The basic message of this seminal, best-selling work remains the same: We are creatures of the earth, and as such, we are utterly dependent on its gifts of air, water, soil, and the energy of the sun. These elements are not just external factors; we take them into our bodies, where they are incorporated into our very essence. What replenishes the air, water, and soil and captures sunlight to vitalize the biosphere is the diverse web of all beings. The recently completed human genome project has revealed that all species are our biological kin, related to us through our evolutionary history. And it appears that our need for their company is programmed into our genome.

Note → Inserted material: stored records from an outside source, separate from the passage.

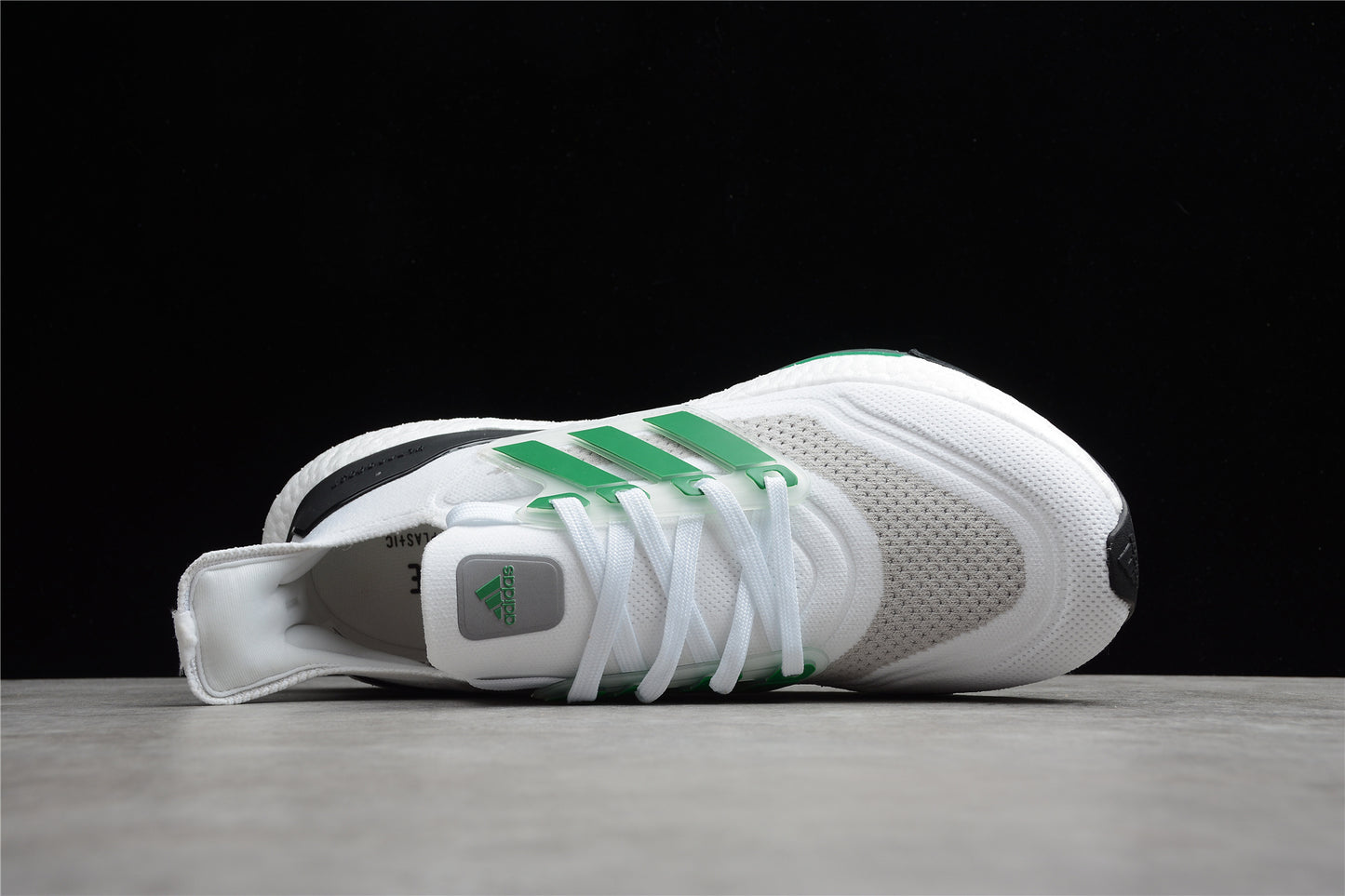 R18  UltraBoost 21 FZ2326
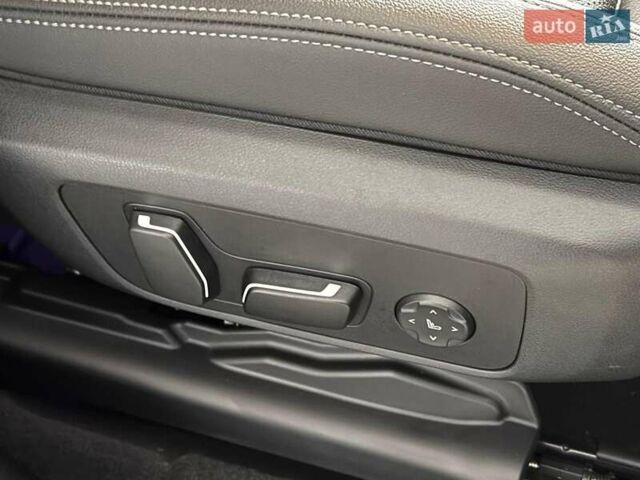 Чорний БМВ Х3, об'ємом двигуна 2 л та пробігом 6 тис. км за 52990 $, фото 10 на Automoto.ua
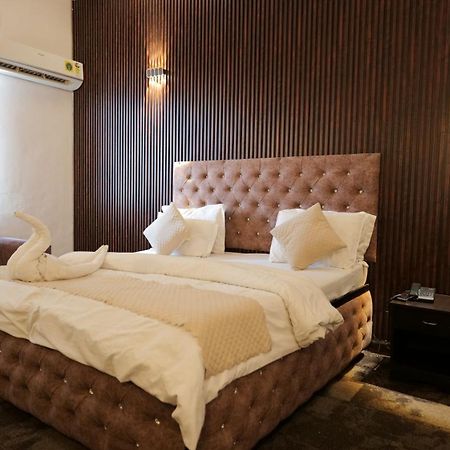 Hotel Kuber Rai Экстерьер фото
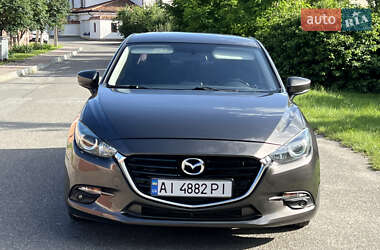 Седан Mazda 3 2017 в 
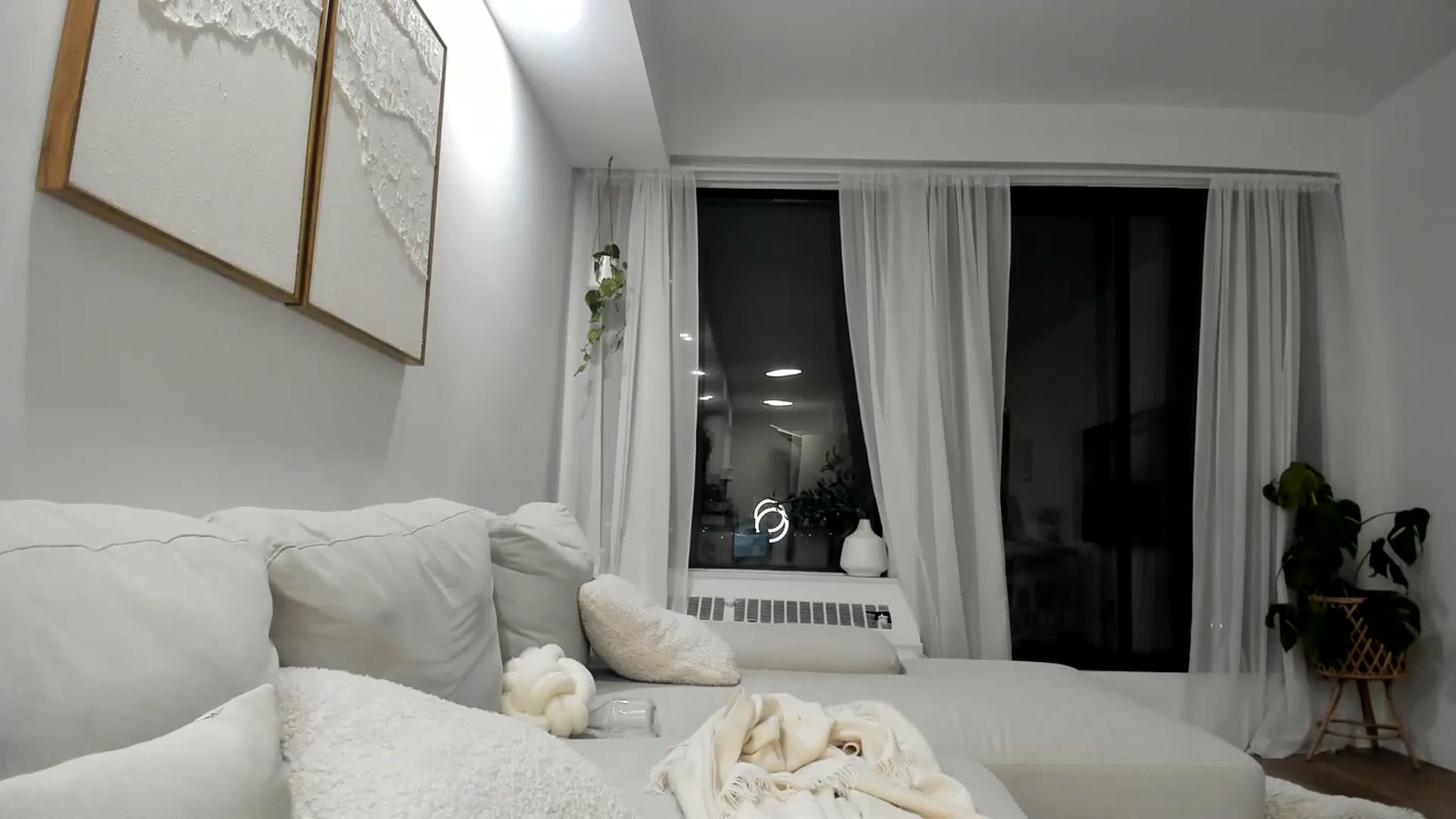 Gallery image thumbnail from LunaBanana's myfreecams stream on, 03/10/2024, 05:00 image 13 of 20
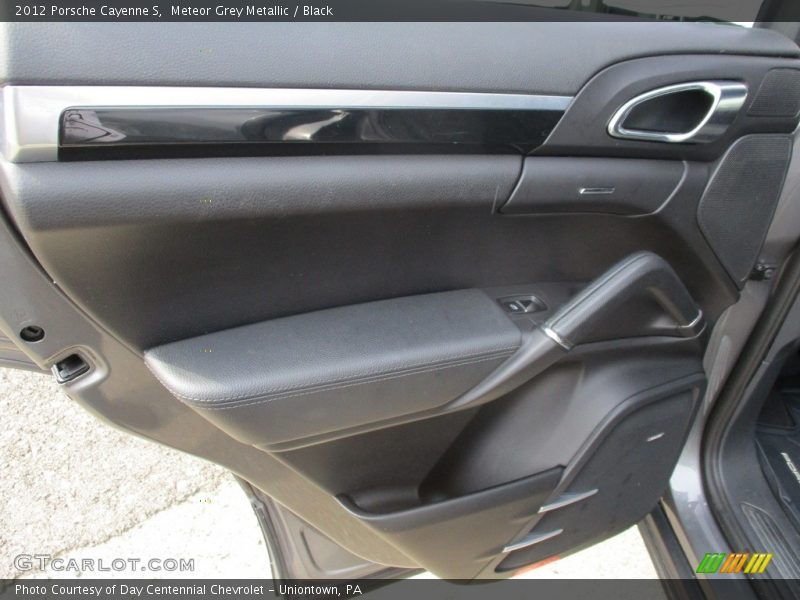 Meteor Grey Metallic / Black 2012 Porsche Cayenne S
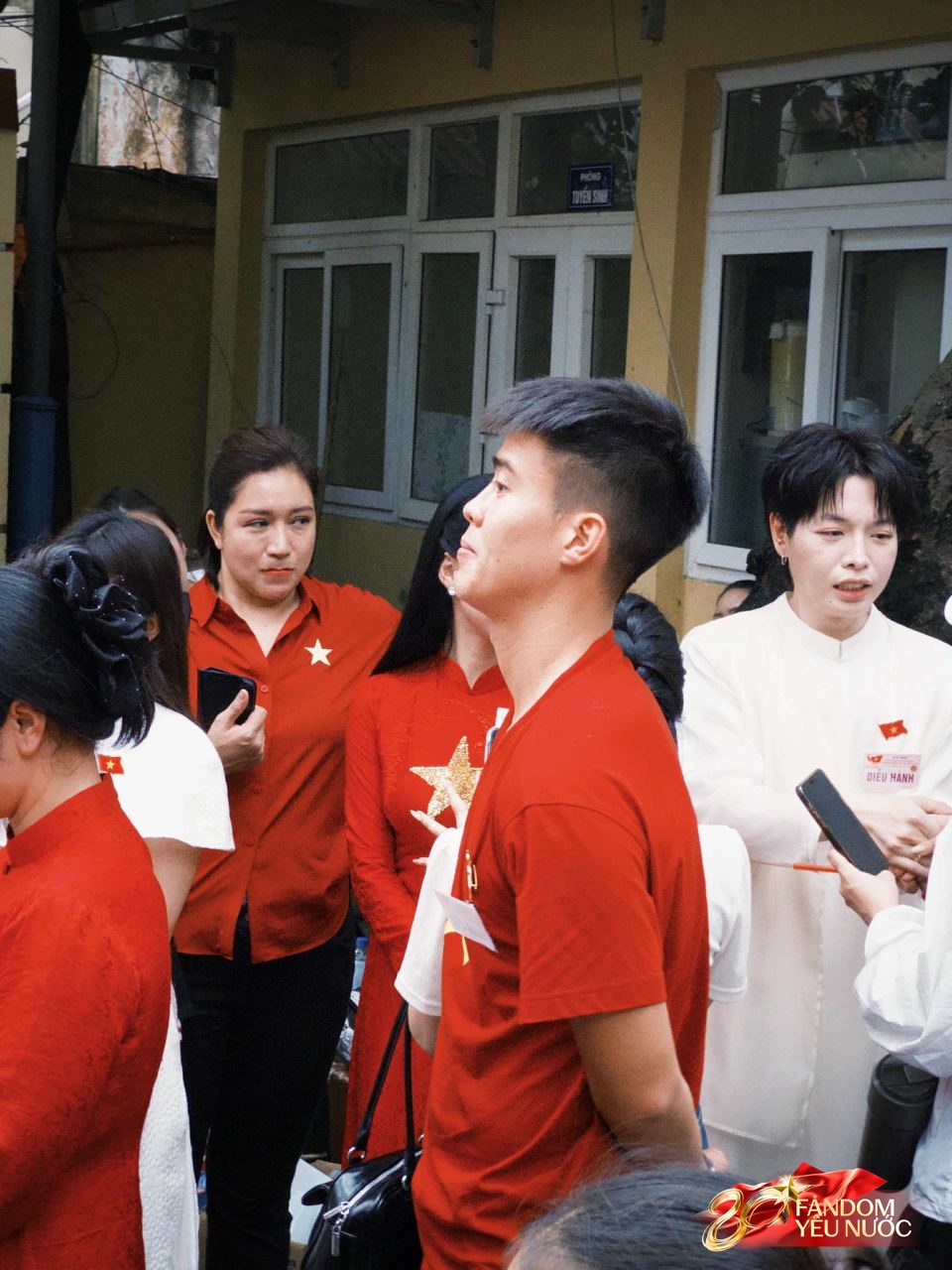 Duy Mạnh: "Vinh dự khi được biểu diễn tại Quảng trường Ba Đình ngày 2/9, cảm nhận sâu sắc tình yêu nước và trách nhiệm" - Ảnh 5. Duy Mạnh: "Vinh dự khi được biểu diễn tại Quảng trường Ba Đình ngày 2/9, cảm nhận sâu sắc tình yêu nước và trách nhiệm" - Ảnh 5.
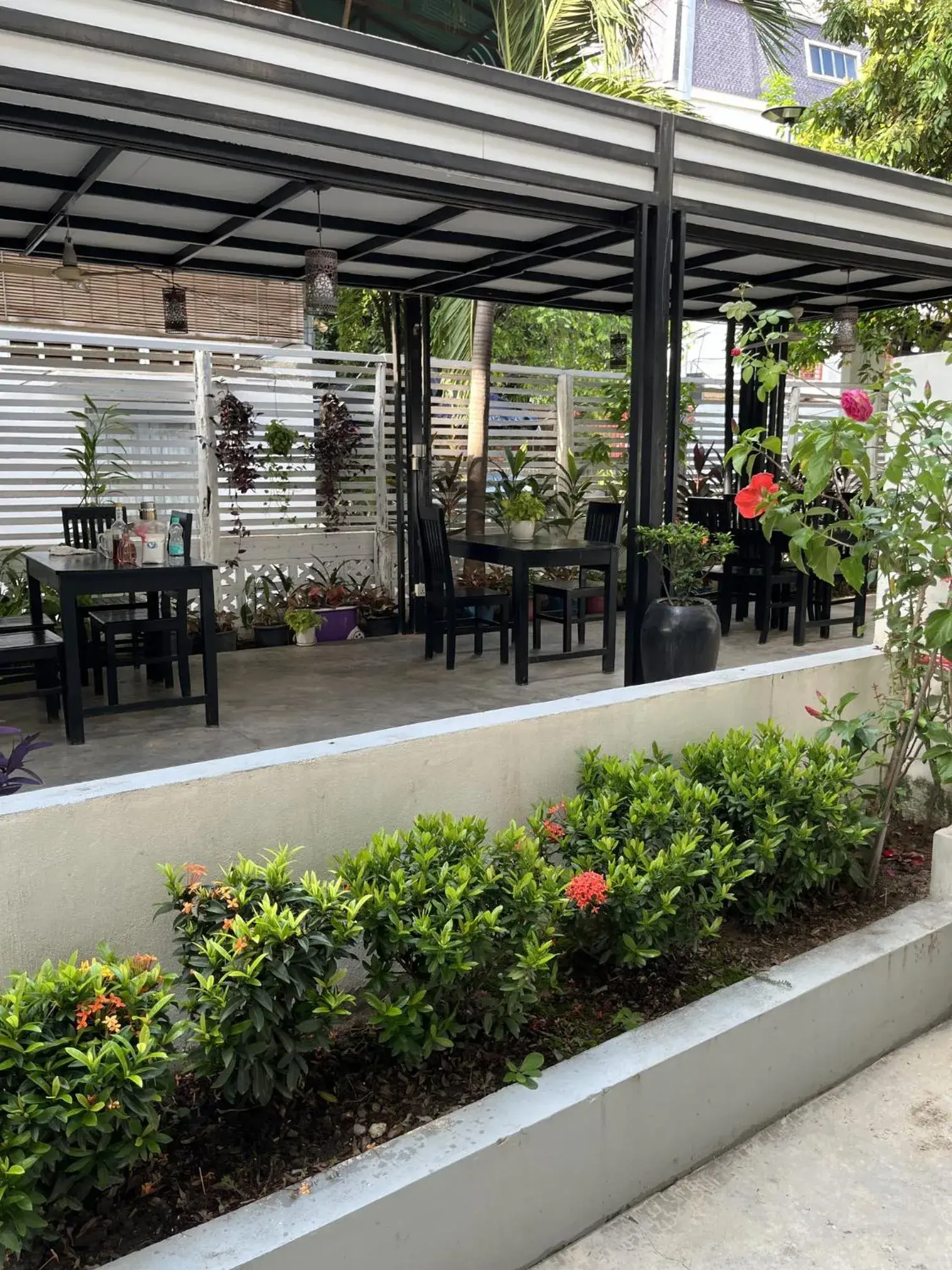 Restaurant/places to eat in Home Inn Restaurant/places to eat in Home Inn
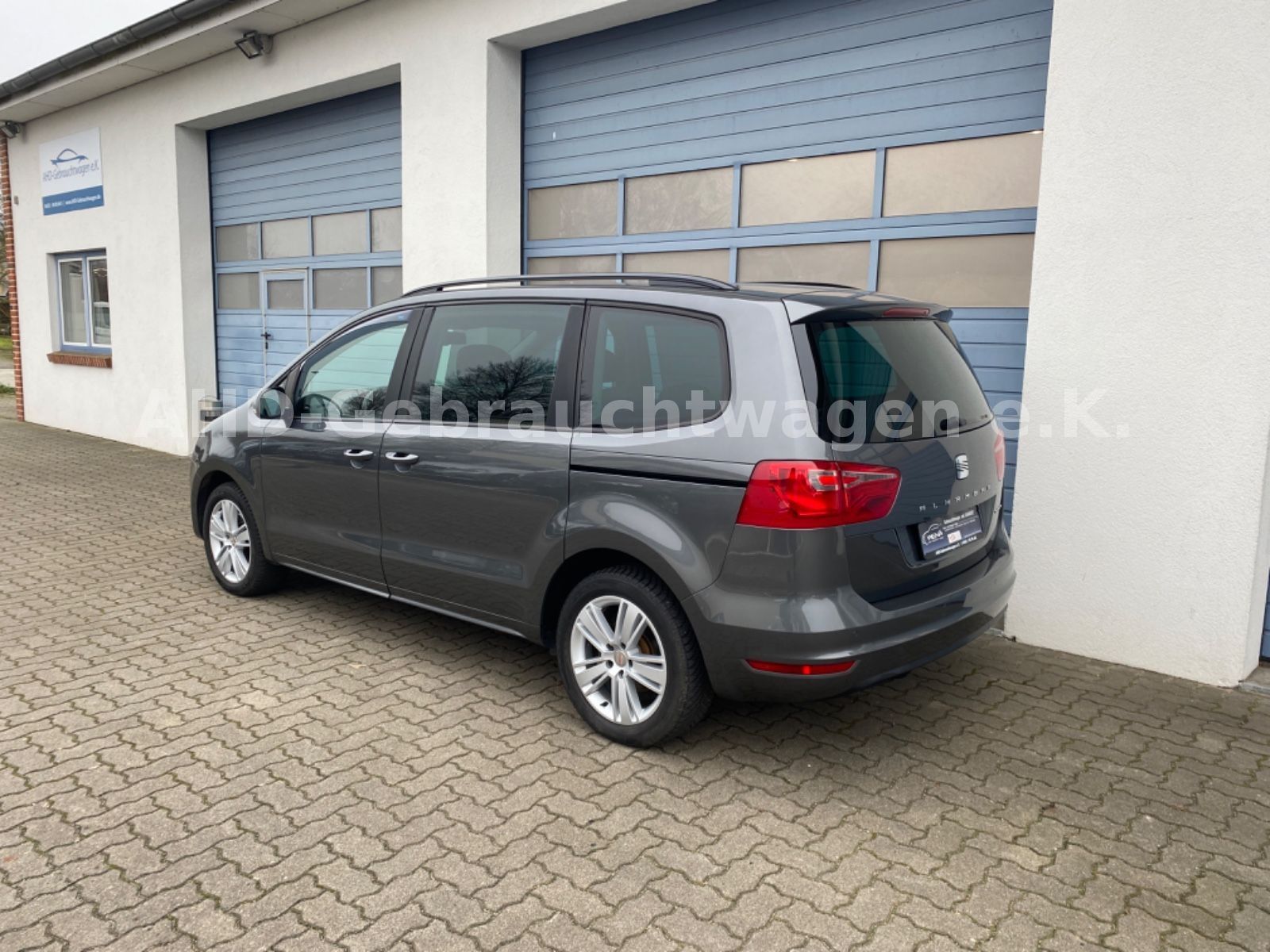 Fahrzeugabbildung SEAT Alhambra Style Viva 1.4 TSI Bi-Xenon Kamera PDC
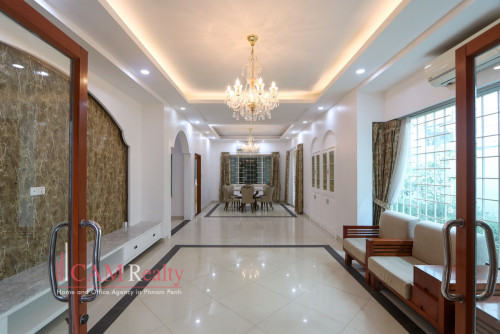Bassac Garden City | 5 bedrooms villa in gated community for rent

The cataclysmic events of the last decade require that we rethink our behaviour and find a new way to live in balance with our surroundings. This book offers just such a new direction for us all.
PUBLISHERS WEEKLY
This impressive coffee-table book invites readers, through word and image, to experience and reflect on the interconnectedness of all life. It opens with a somewhat overwritten and florid explanation of the evolution of life and then settles into a personal essay by Suzuki, a scientist and environmentalist. In this piece, the highlight of the written text, he describes his own transformation from a young researcher who believed that science could answer every problem to an environmental activist who came to realize that science often created as many problems as it solved. (In one fascinating vignette, he explores na ve enthusiasm for science by describing the universal praise in the 1950s for DEET, which his mother used to spray directly on the family's dinner just before serving it.) The book then devotes chapters to seven "elements" that are necessary to sustain life: water, air, fire, earth, biodiversity, love and spirit. "Spirit is beyond science," the authors say in the last chapter; it involves understanding the interdependence of life. The seven chapters are mostly taken up with DeCambra's stunning photographs, interspersed with quotations from various thinkers and excerpts from the sacred texts of the world's religions. Each chapter begins with a few introductory pages about its theme. Although these preambles contain some interesting tidbits ("there are 200 million insects for every human being on Earth") and a few insights into spirituality, the book's most original and memorable contribution is its photos.